- Opening Delimiter -
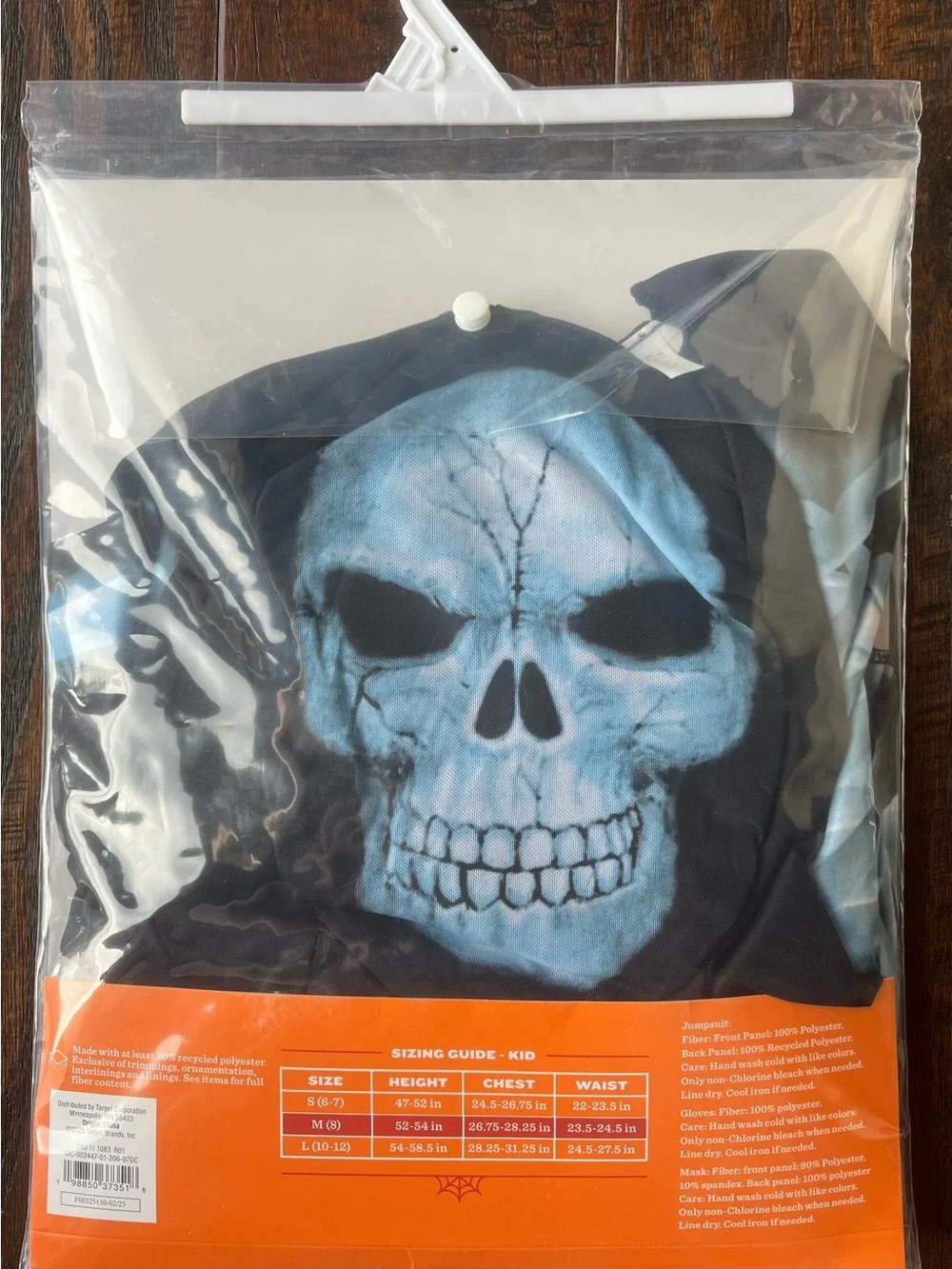 Kids Blue Glow Skeleton Costume with Hooded Mask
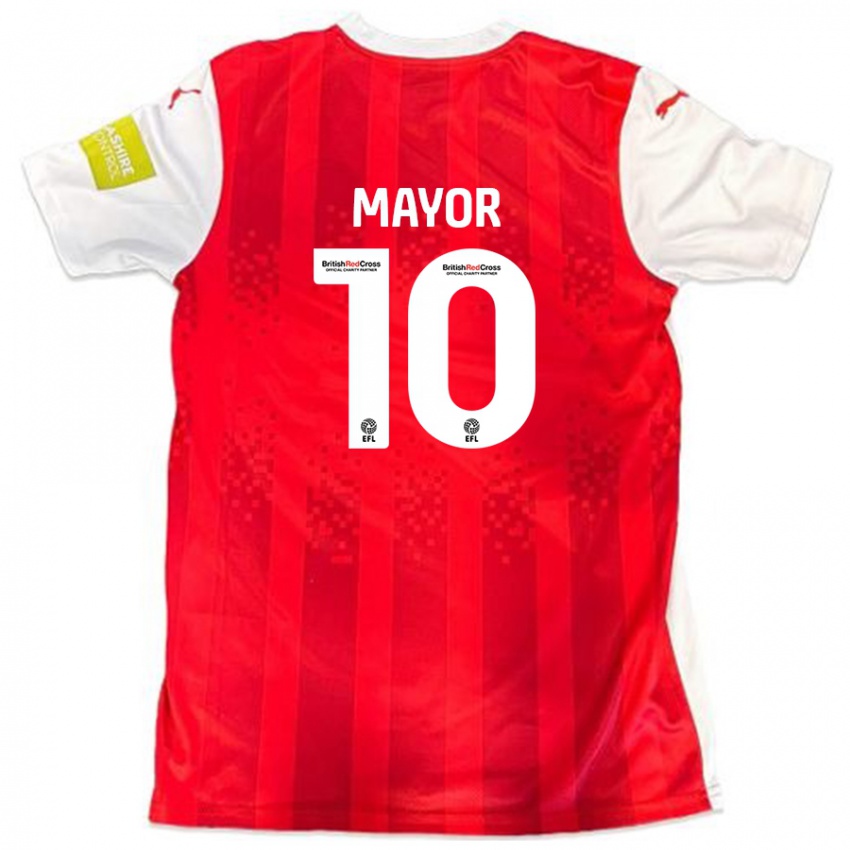 Niño Camiseta Danny Mayor #10 Rojo Blanco 1ª Equipación 2024/25 La Camisa Perú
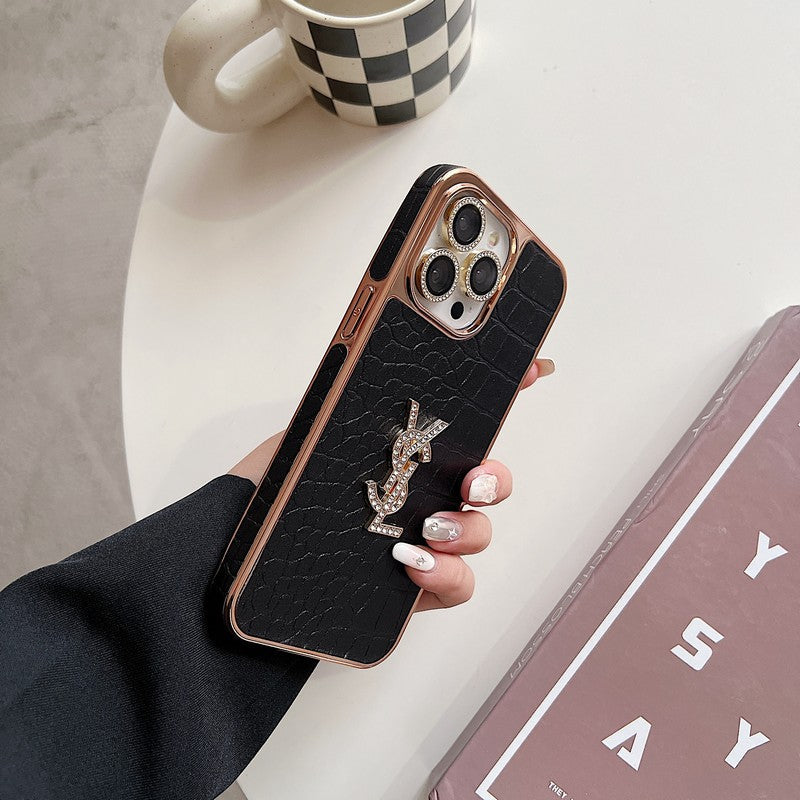 Saint Laurent Color Leather Rose Gold iPhone Case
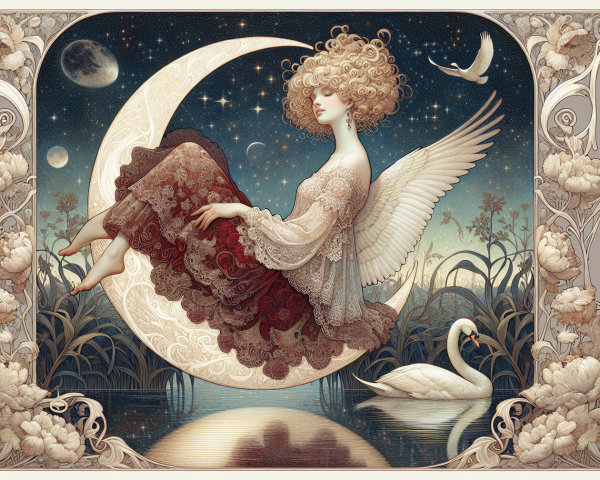 Art Nouveau Painting of Woman on Crescent Moon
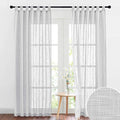 RYB HOME Linen Sheer Curtains - Privacy Textured Semi Sheer Drapes Light Glare Filtering for Bedroom Living Room French Door Window Decor, Width 52 in x Length 84 in, 2 Panels, Dove Grey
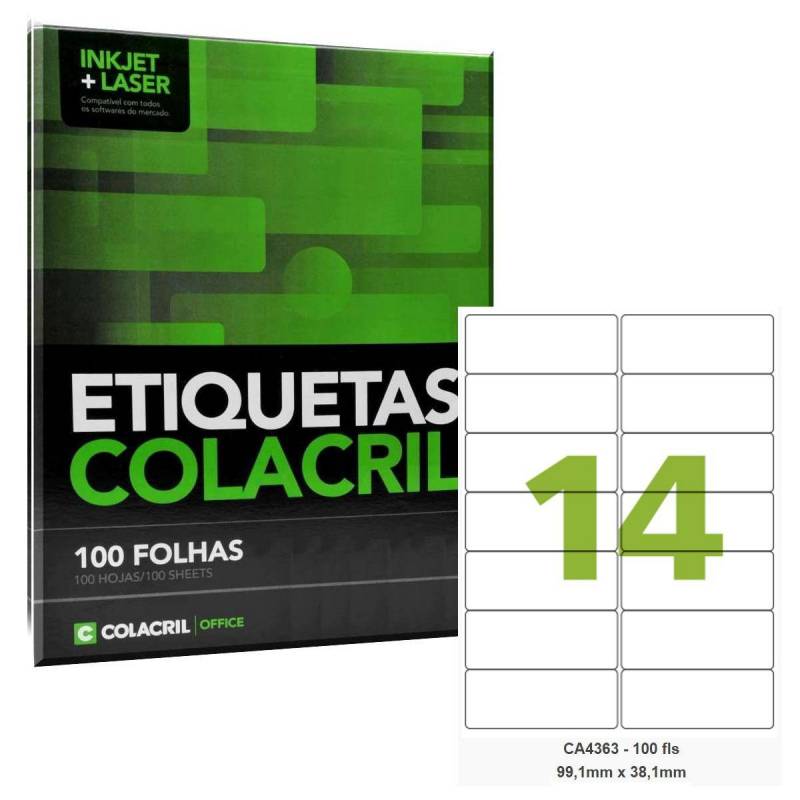 ETIQUETA ADESIVA A4 99,1mmx38,1mm C/ 100Fls CA4363 - COLACRIL COLACRIL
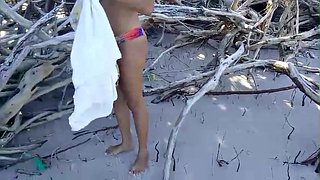 Brazilian couple having fun on the beach part 2
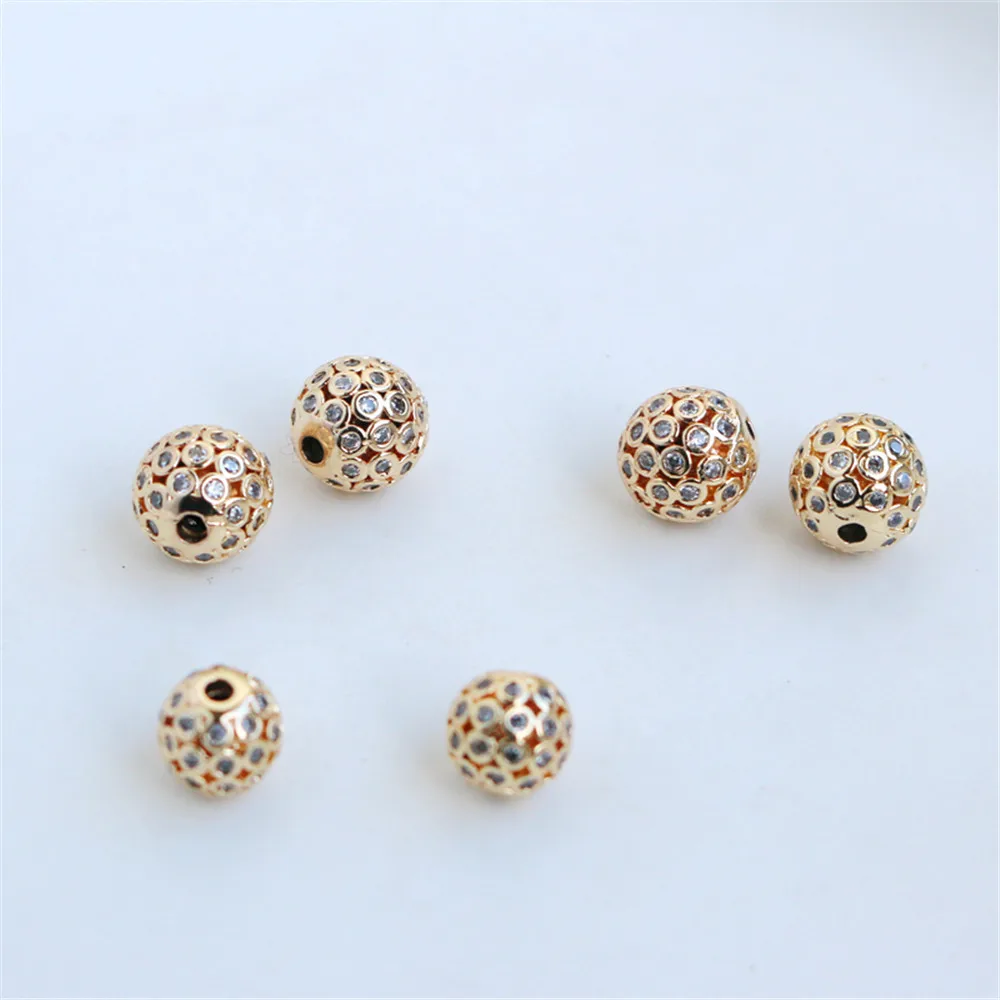 14K Gold Filled Plated Micro set zircon 8mm bracelet necklace round beads DIY through hole round beads jewelry loose beads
- Closing Delimiter -
> **WORK REQUEST**
Exactly as written, copy the entries above without their pictures.

> **RESULT OF THIS TASK**
 Kids Blue Glow Skeleton Costume with Hooded Mask
 Niño Camiseta Danny Mayor #10 Rojo Blanco 1ª Equipación 2024/25 La Camisa Perú
 Saint Laurent Color Leather Rose Gold iPhone Case
 Art Nouveau Painting of Woman on Crescent Moon
 RYB HOME Linen Sheer Curtains - Privacy Textured Semi Sheer Drapes Light Glare Filtering for Bedroom Living Room French Door Window Decor, Width 52 in x Length 84 in, 2 Panels, Dove Grey
 ETIQUETA ADESIVA A4 99,1mmx38,1mm C/ 100Fls CA4363 - COLACRIL COLACRIL
 Brazilian couple having fun on the beach part 2
 14K Gold Filled Plated Micro set zircon 8mm bracelet necklace round beads DIY through hole round beads jewelry loose beads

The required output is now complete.